(Beginning of Input data)

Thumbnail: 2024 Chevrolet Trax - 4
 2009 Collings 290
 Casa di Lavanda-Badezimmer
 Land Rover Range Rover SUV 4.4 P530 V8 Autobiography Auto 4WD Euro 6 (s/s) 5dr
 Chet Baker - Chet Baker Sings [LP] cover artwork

(End of Input data)

§ **Task to carry out**: Word for word, set down all the lines above.

§ **Answer section**:
Thumbnail: 2024 Chevrolet Trax - 4
 2009 Collings 290
 Casa di Lavanda-Badezimmer
 Land Rover Range Rover SUV 4.4 P530 V8 Autobiography Auto 4WD Euro 6 (s/s) 5dr
 Chet Baker - Chet Baker Sings [LP] cover artwork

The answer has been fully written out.